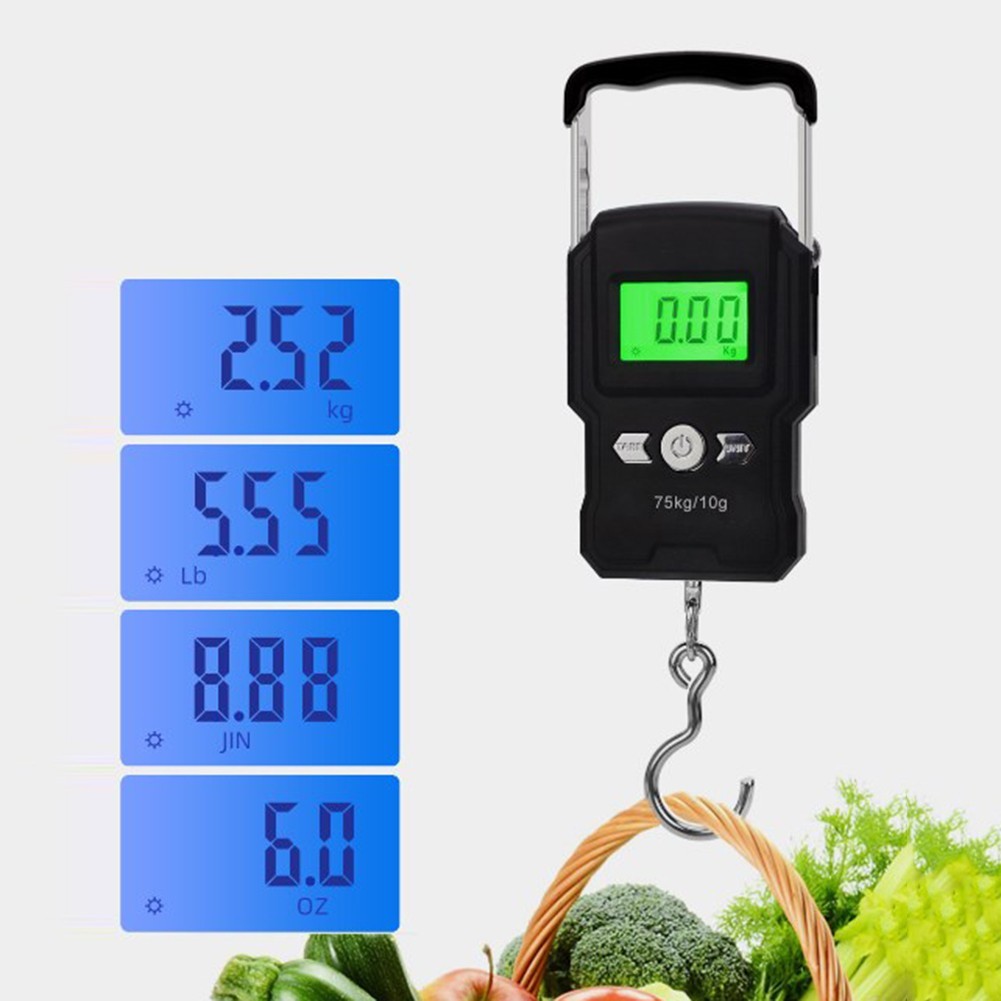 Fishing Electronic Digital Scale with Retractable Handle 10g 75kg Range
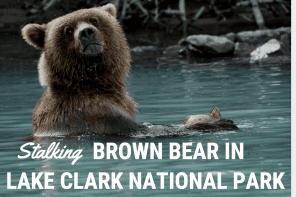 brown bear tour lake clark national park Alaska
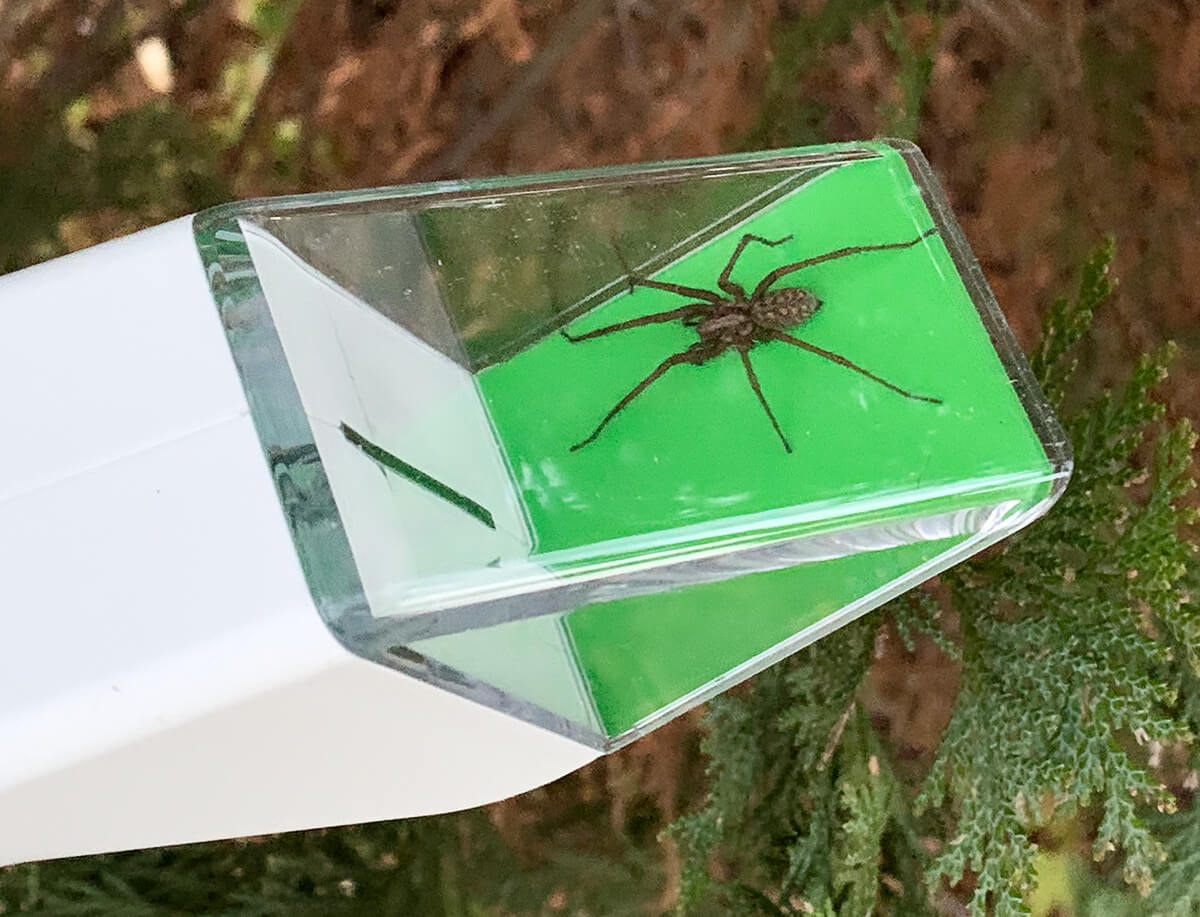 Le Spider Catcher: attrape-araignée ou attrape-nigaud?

************

Work to complete: Omit every picture, then repeat the remaining data exactly as it appears above.

Answer section:
 Fishing Electronic Digital Scale with Retractable Handle 10g 75kg Range
 brown bear tour lake clark national park Alaska
 Le Spider Catcher: attrape-araignée ou attrape-nigaud?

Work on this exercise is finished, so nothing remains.